=== Dataset section ===

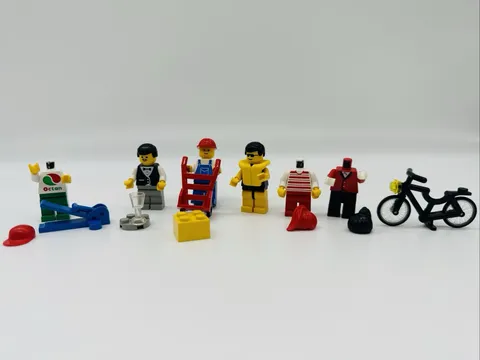Vintage LEGO 6314 Town City People Minifigure Lot Bike Octan 1992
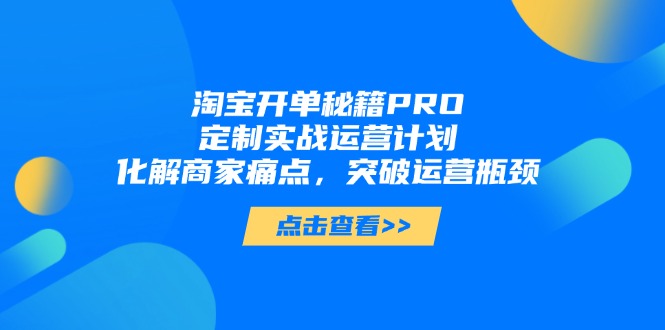 淘宝开单秘籍PRO，定制实战运营计划，化解商家痛点，突破运营瓶颈_就是爱分享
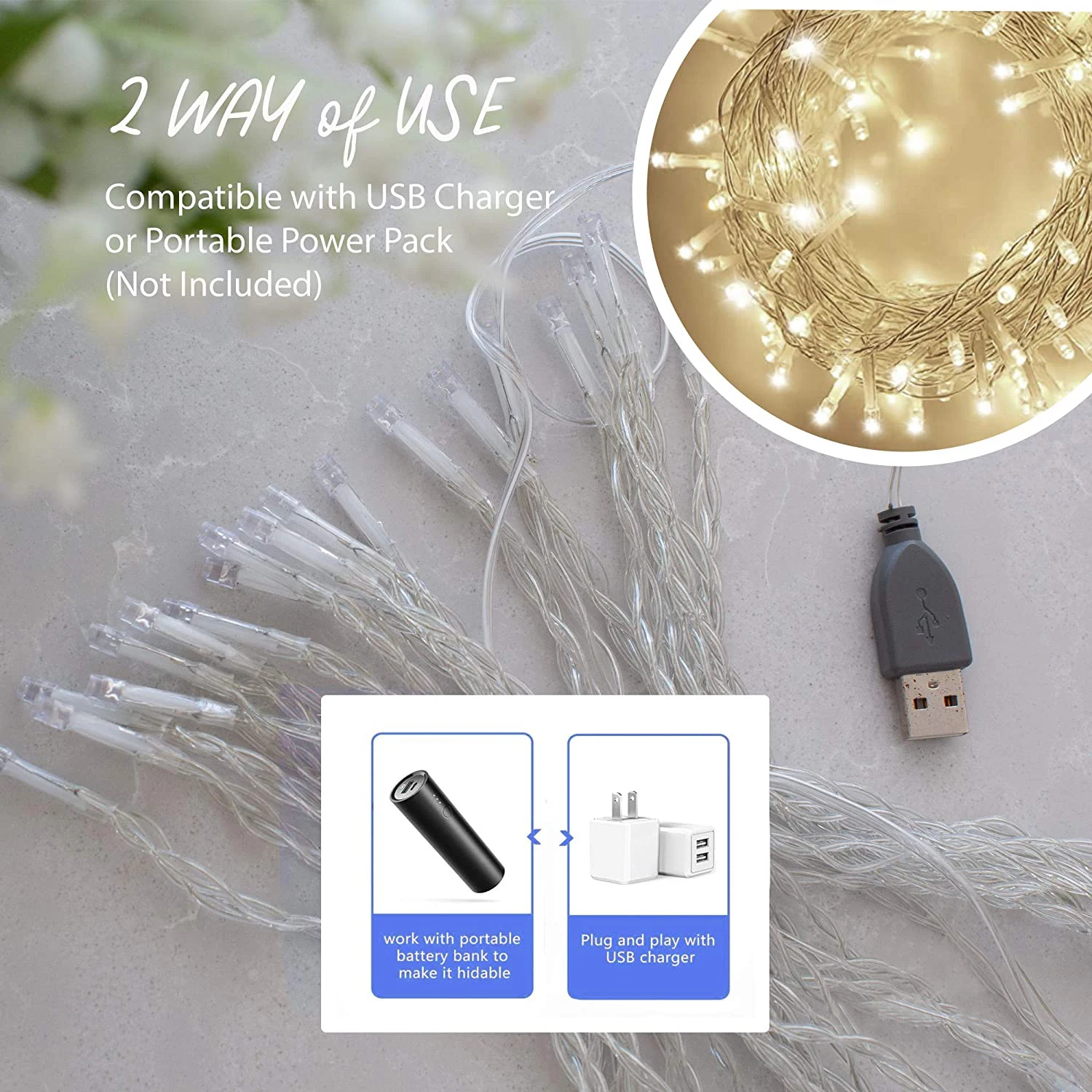 
Outdoor Indoor Fairy Lights and Hanging Set for swing hammock chair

===

▸ **About this exercise**
Please set down every line of the data above precisely, dropping the images.

▸ **Solution to this exercise**
Vintage LEGO 6314 Town City People Minifigure Lot Bike Octan 1992
 淘宝开单秘籍PRO，定制实战运营计划，化解商家痛点，突破运营瓶颈_就是爱分享
Outdoor Indoor Fairy Lights and Hanging Set for swing hammock chair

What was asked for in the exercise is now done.